Your task is to retype, exactly, the line containing "Marumine Building Blocks" and every later line through the end of the listing, with pictures omitted.

Given material ::
* * * * * * *
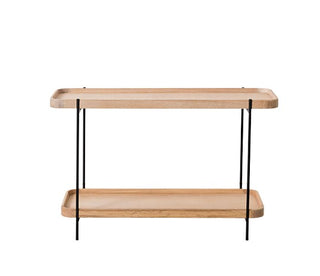 Skyla Oak 2 Shelf Console - Natural Oak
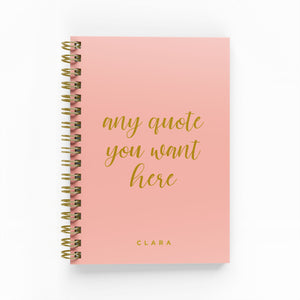 Any Script Quote Foil Lined Notebook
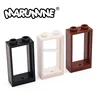 Marumine Building Blocks Part 60593 Window Frame 1x2x3 Classic City Build MOC Accessories Compatible with 60602 Clear Glass Toys 1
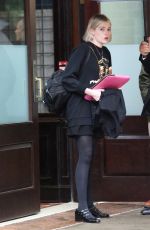 LUCY BOYNTON Leaves Her Hotel in New York 10/03/2019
* * * * * * *
Solution for this exercise ::
 Marumine Building Blocks Part 60593 Window Frame 1x2x3 Classic City Build MOC Accessories Compatible with 60602 Clear Glass Toys 1
 LUCY BOYNTON Leaves Her Hotel in New York 10/03/2019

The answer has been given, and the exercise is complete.